Even the infamous handshake delivered to Howard on the eve of the election, when the bone-breaking Latham towered over his much smaller rival in an image that sent even more voters running, was not his fault.
In fact, Latham wrote in The Latham Diaries - to be released next week - it was just a "regulation man's handshake".
And anyway, Howard deserved it.
Excerpts published in Melbourne's Herald Sun claim that Howard had consistently tried "the small man's thing" by trying to match big man Latham with a powerful shake of his own whenever they met.
"I wasn't too worried about it, thought it was funny, until the last Sunday of the campaign at the St George League's Club lunch, when Howard did the same to [Latham's wife] Janine," he wrote.
"She said to me, 'That man just tried to break my hand. It really hurt'.
"Enough was enough. Next time I saw him ... I put on the squeeze and got a bit closer to him, so he couldn't do the flapping thing.
"The weak animal looked startled."
But the worst of diarist Latham's bile is reserved for his Labor mates or "sewer rats".
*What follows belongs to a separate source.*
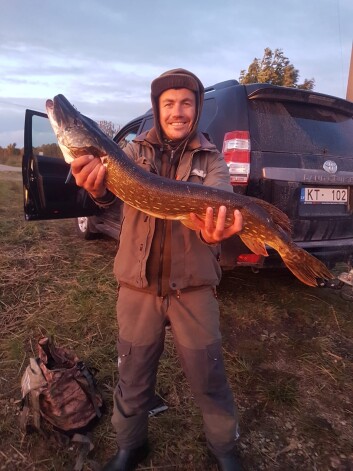 Makšķerēšanas piedzīvojumi Igaunijas salās Baltijas jūrā.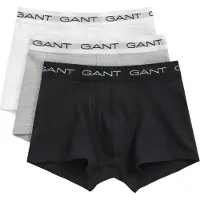Gant Boxershorts blauw gemêleerd / zwart / wit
He accused Kim Beazley, who preceded and then succeeded him as leader, of waging a six-year campaign of smear and innuendo, helping to destroy Labor as a viable political force.
"My commitment to the Labor cause was destroyed by the bastardry of others," he wrote in excerpts reported by the Australian, which will tomorrow print large slabs of the diary ahead of its public release.
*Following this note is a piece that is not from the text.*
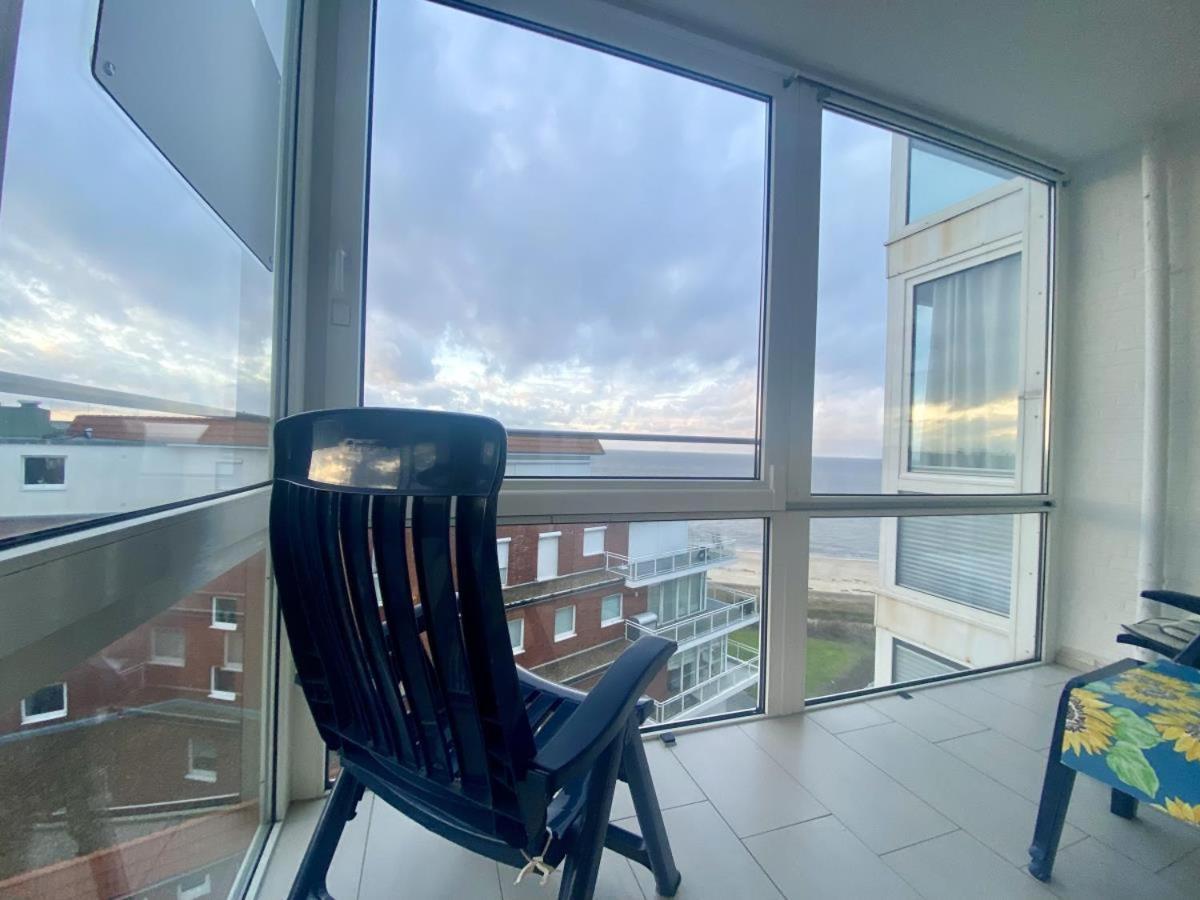 Seehuette Ferienwohnung 505 Cuxhaven Dış mekan fotoğraf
Elsewhere, he wrote of Beazley: "Beazley's betrayal of [Simon Crean, who became leader after Beazley's second loss to Howard then fell to Latham] still leaves me breathless.
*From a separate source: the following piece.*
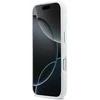 BMW M Silicon Horizontal Line MagSafe dėklas Apple iPhone 17 Pro baltos spalvos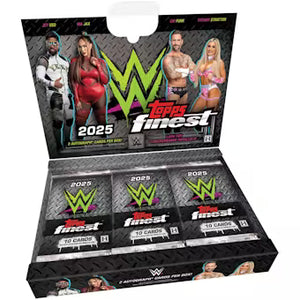 2025 Topps Finest WWE Hobby Box 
"How does the Bomber [Beazley's nickname] get away with it?
"People are still writing him up as a decent loser, yet again, but he's one of the most indecent politicians I have come across."
Other gems from his diary.
On the Labor Party: "I no longer regard Labor as a viable force for social justice in this country. Its massive cultural and structural problems are insoluble."
And: "Politics can be a dirty business, but our caucus is infested with the sewer rats of the [Labor] movement,"
On foreign affairs spokesman Kevin Rudd: "A terrible piece of work. Addicted to the media and leaking. A junior minister in Government at best."
Nicknames for the nation's top political journalists: The Nine Network's Laurie Oakes, Jabba (after Jabba the Hutt, Star Wars' giant sluglike intergalactic gangster); Glenn Milne of the Sunday Telegraph, the Poisoned Dwarf; News Ltd columnists Andrew Bolt, Piers Ackerman and Janet Albrechtsen, the Dancing Bears.
Beazley said that Latham blamed everyone but himself for Labor's drubbing at the last election.
"If there were gold medals for biting the hand that feeds you, Mark Latham would be standing on top of the dais," he said.
Rudd added: "I just think it's pretty sad for everybody, Mark included, when a former leader of our party behaves in this way."
And an end note from Labor Senator Steve Hutchins: "I've always thought he was a sleaze and he's proven he is."